(Apr. 18, 2011) On April 15, 2011, the Court of Appeals in Abuja, Nigeria, upheld a February 23, 2011, Federal High Court ruling barring the Independent National Electoral Commission (INEC, an institution with a Constitutional mandate to conduct elections in Nigeria including gubernatorial elections) from holding gubernatorial elections in five of the 36 Nigerian states (Kogi, Sokoto, Cross River, Adamawa, and Bayelsa) in 2011. (Camillus Eboh, Nigeria Court Cancels Governorship Polls in 5 States, REUTERS (Apr. 16, 2011).)
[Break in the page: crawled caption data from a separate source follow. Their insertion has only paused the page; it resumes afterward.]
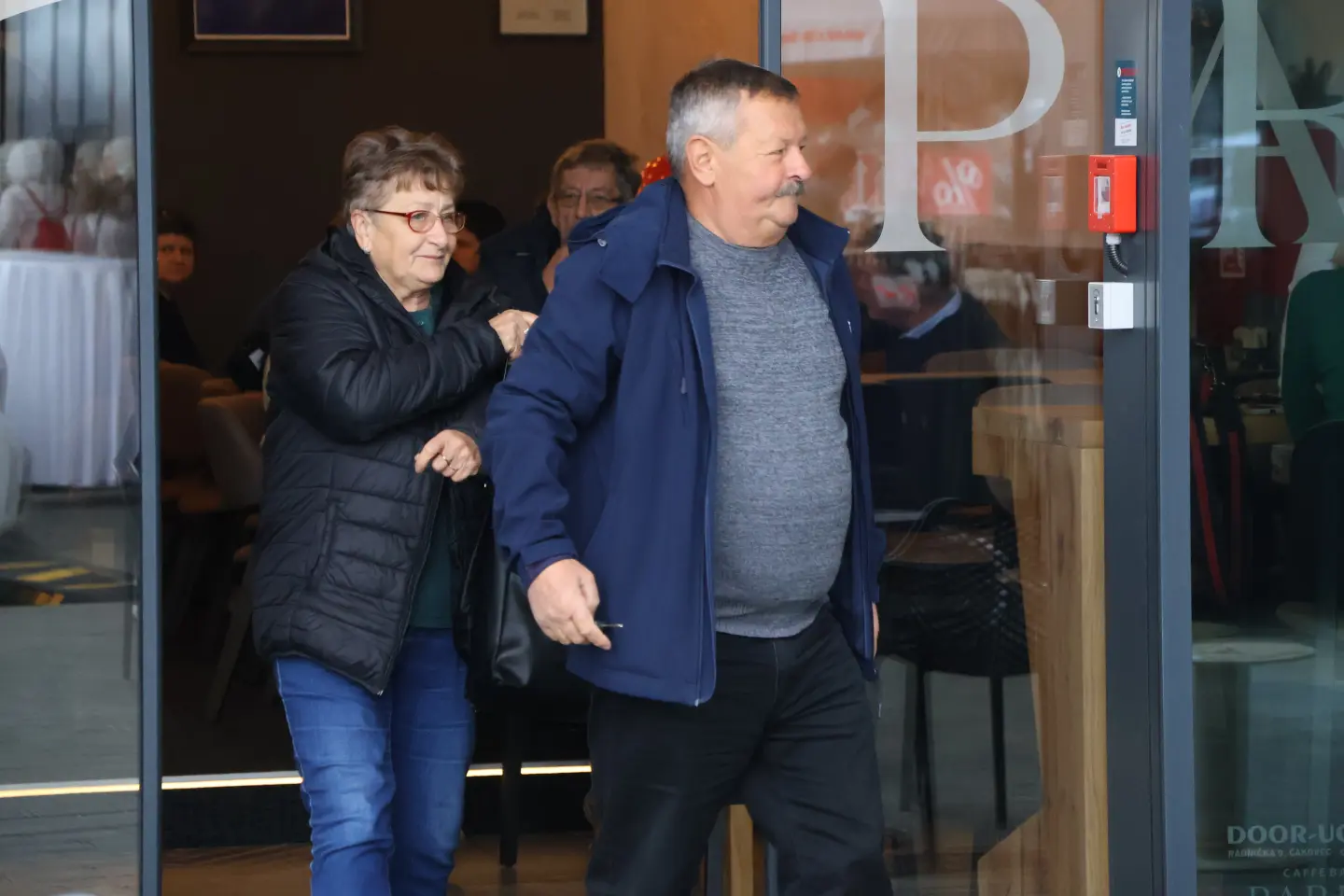 Hey Park Prelog 4.12.2025. Spar majstorija (5)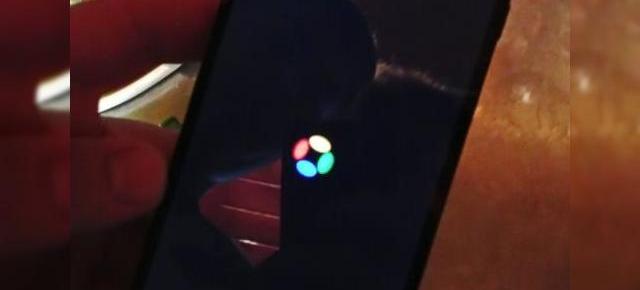 Avem și primele clipuri hands on cu LG Nexus 5 și imagini cu ecranul de start al lui Android KitKat (Video)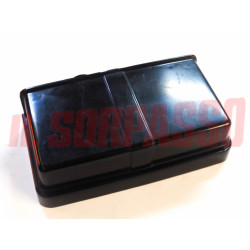 FANALINO FANALE LUCE TARGA FIAT IVECO 100 NC 110 NC PC 130 NC MARCA CATALUX
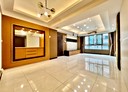 龜山區-文興路3房2廳，43.3坪
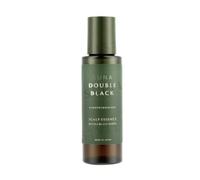 Reed Health Care - Suna Scalp Essence Double Black Super 100ml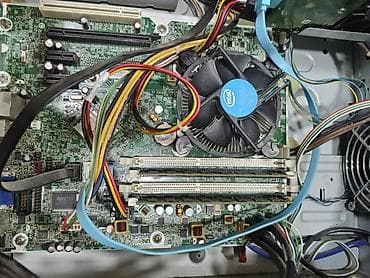 3D Qələmlər: Lövhə — 5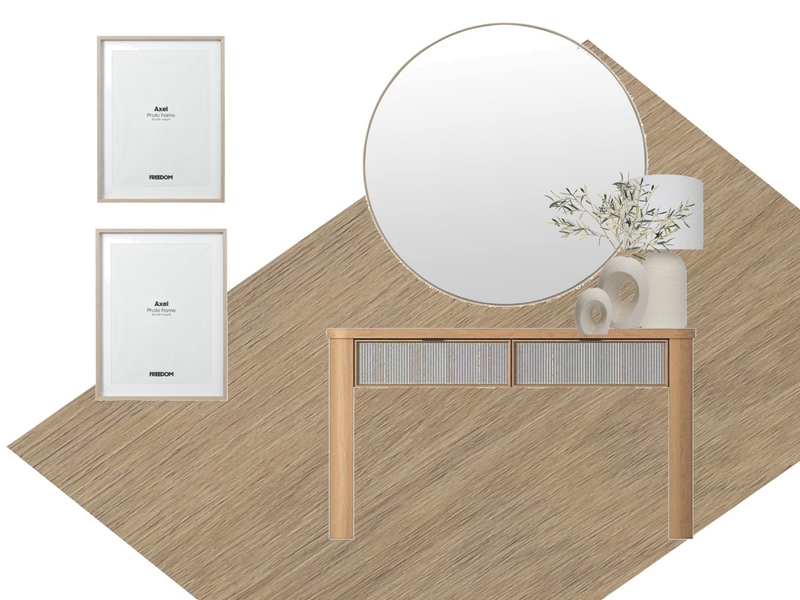 213/89 lytton road, east brisbane entry Mood Board by tlaws on Style Sourcebook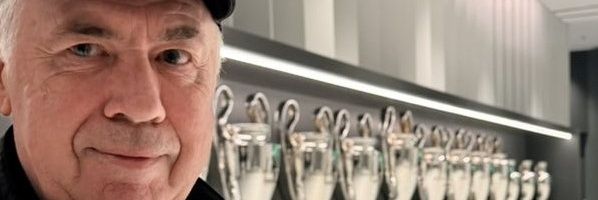 _PedroAlcon_'s profile banner image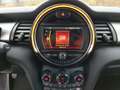 MINI One Cabrio F57 Grau - thumbnail 12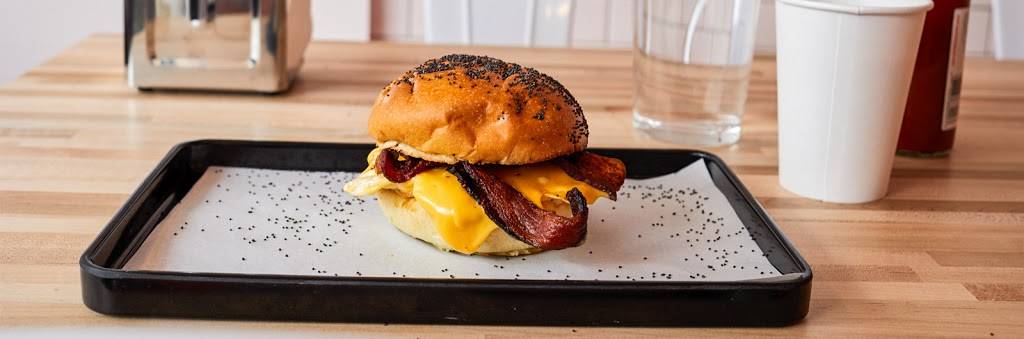 Newkirks | restaurant | 1002 Potrero Ave, San Francisco, CA 94110, USA | 4159627695 OR +1 415-962-7695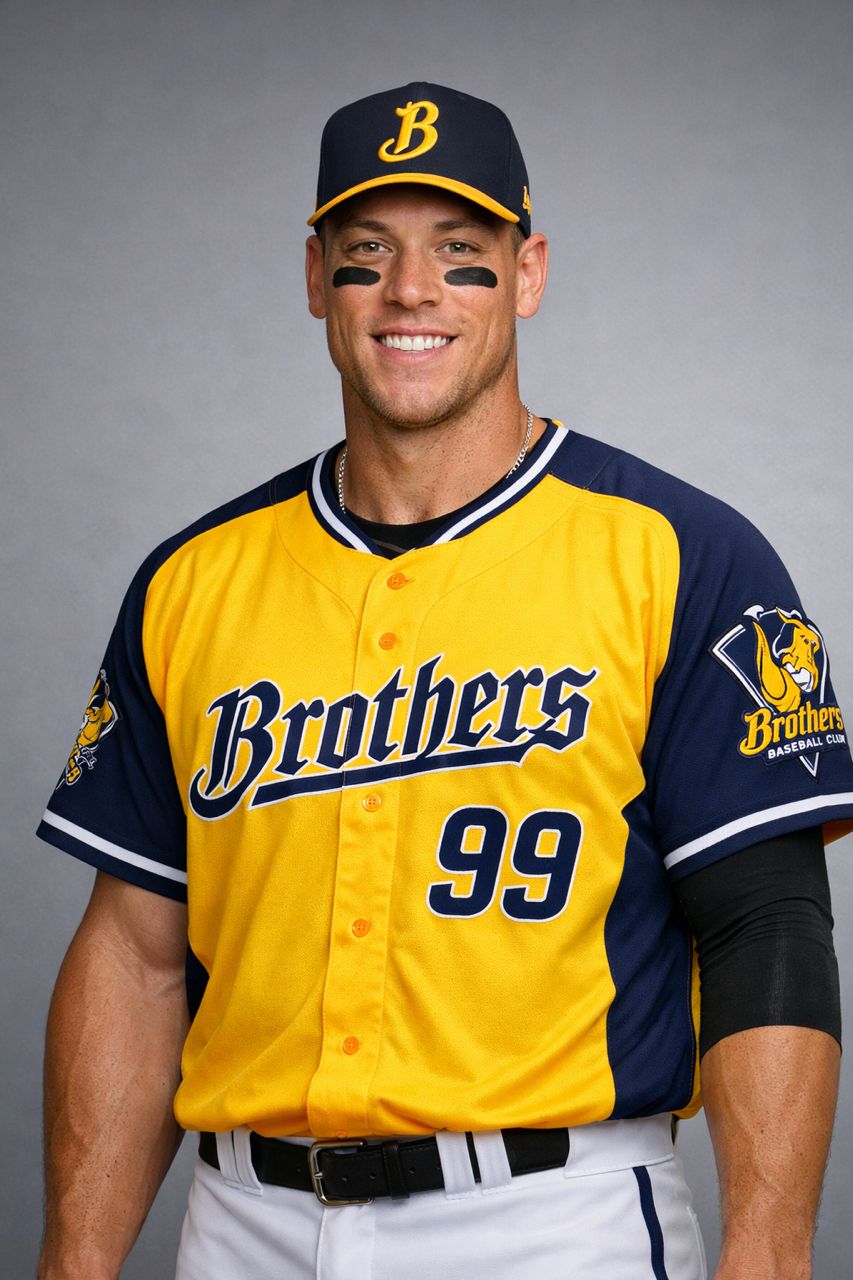 [分享] Reddit ： 美國輸球討論串反應 - 棒球 - PTT.BEST 批踢踢爆文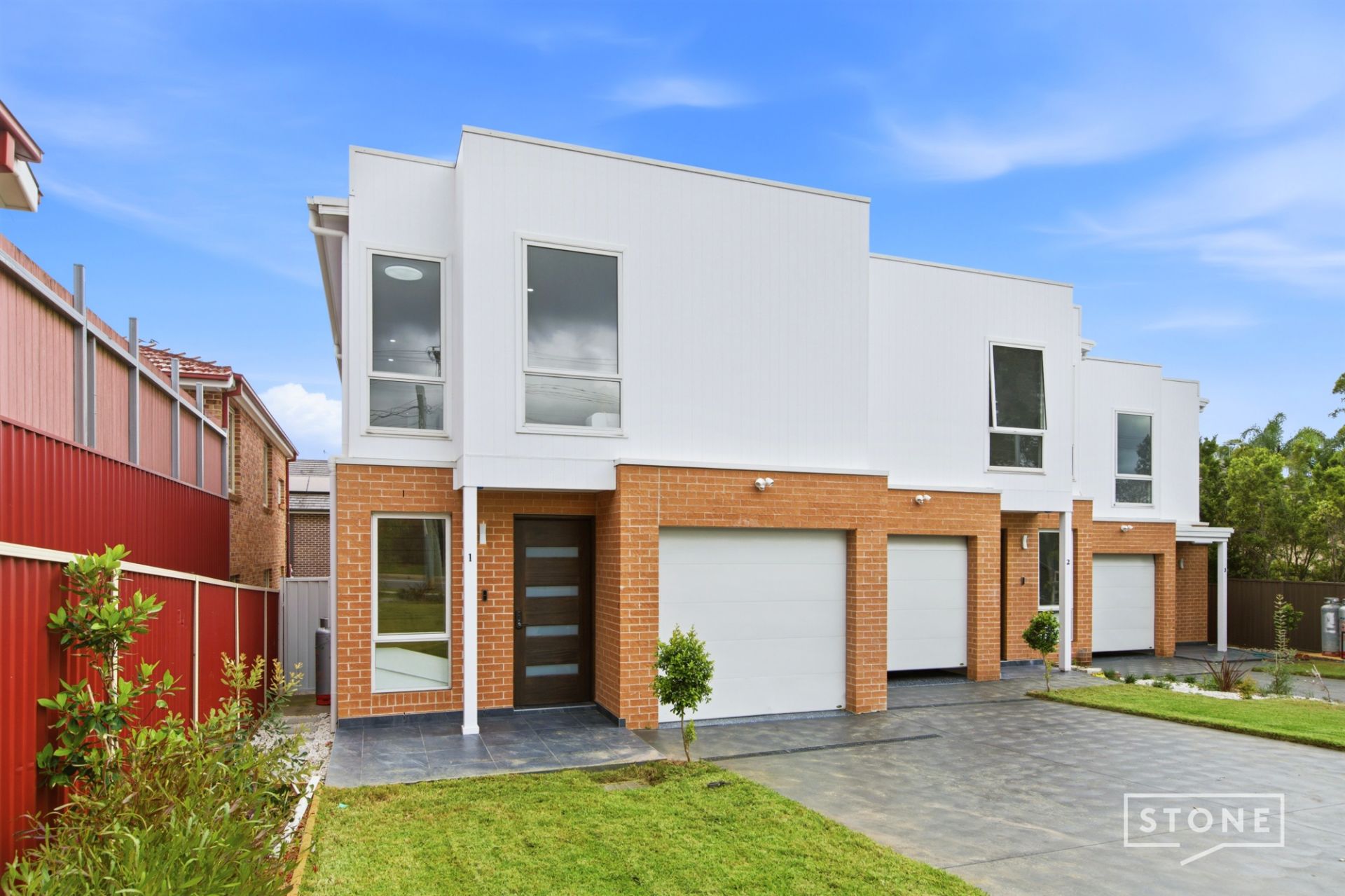 75 Old Castle Hill Road, Castle Hill NSW, Castle Hill - Image 1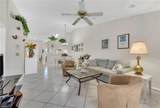 2469 Millcreek Ln - Photo 4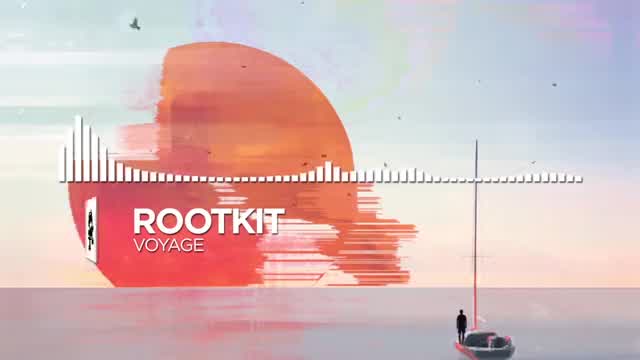 Rootkit - Voyage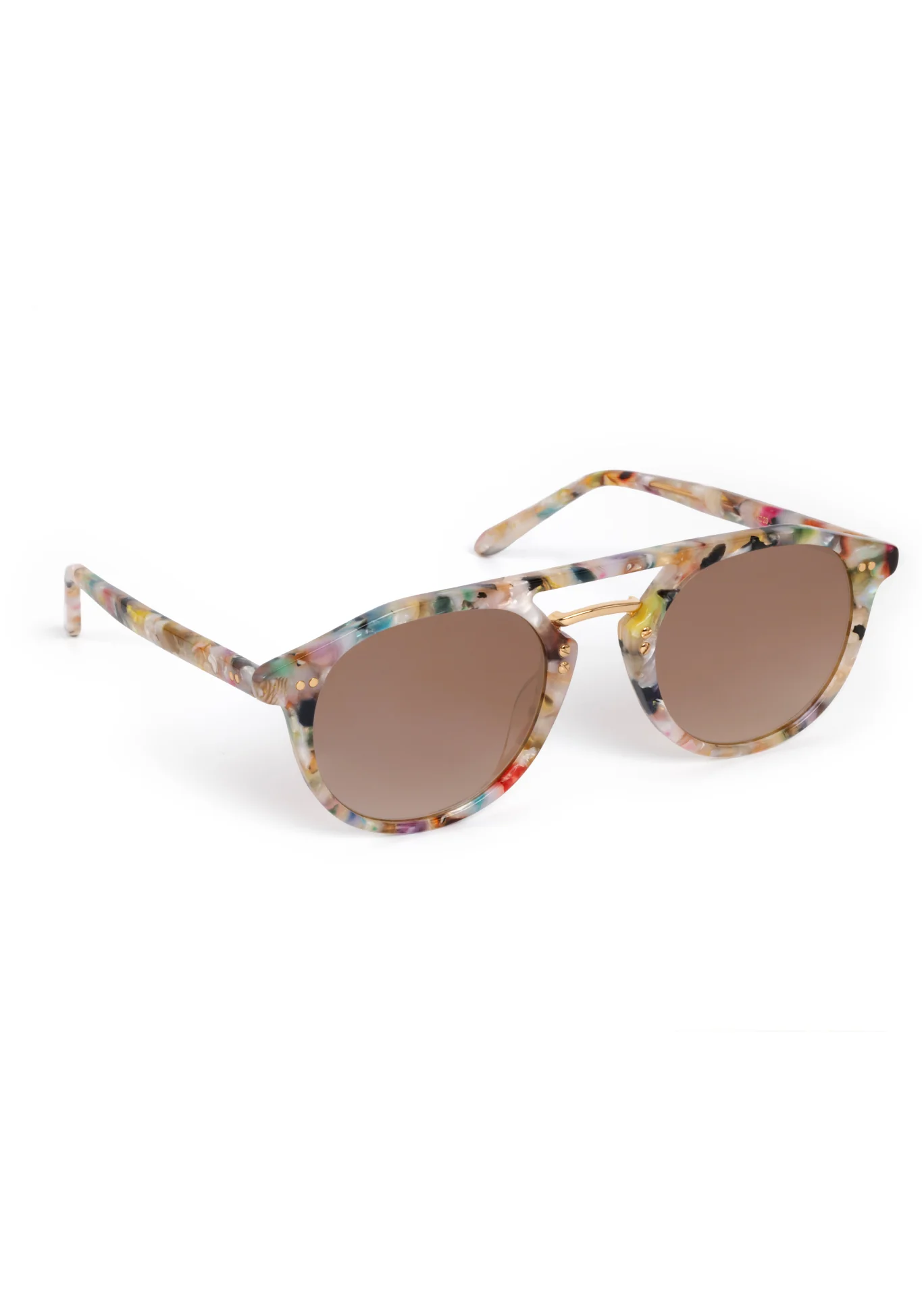 MARKLE | Gelato 24K Mirrored - Image 3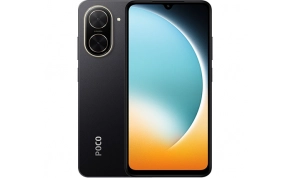 טלפון סלולרי Xiaomi Poco C71 1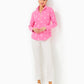 UPF 50+ SKIPPER POPOVER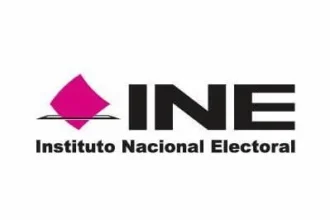 INE aprueba calendario del Proceso Electoral 2026-2027; Puebla tendrá fechas específicas para precampañas (1)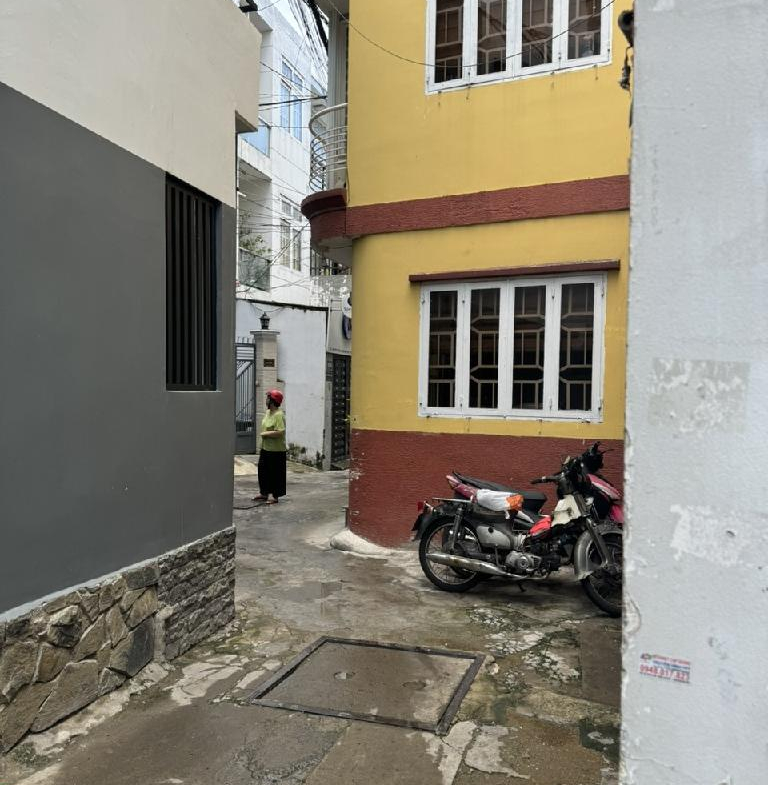 29y3-A972123D-lycos6wn_8_lycos72g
The governors, in their case before the High Court, had argued that their seats should not be contested in the 2011 election season because they have not completed their full terms, due to the regular 2007 elections in their states being nullified and their waiting until 2008 to take the oaths of office (which marks the beginning of a governorship term) after winning re-run elections. (Hanibal Goitom, Nigeria: INEC Appeals Court Ruling Exempting Five States from Upcoming Gubernatorial Elections, GLOBAL LEGAL MONITOR (Apr. 7, 2011).) INEC, in turn, had argued that because the governors won the re-run elections, their tenure commenced on the day they took their first oath of office. (Id.) The High Court had sided with the governors and banned INEC from holding elections in these states, a ruling INEC appealed to the Court of Appeal in Abuja.
The Court of Appeals, in siding with the ruling of the High Court to ban INEC from holding gubernatorial elections in these states, noted that “[i]n law, there were no elections in the five states in April 2007 … Nobody can be validly elected in an invalid election.” (Eboh, supra.)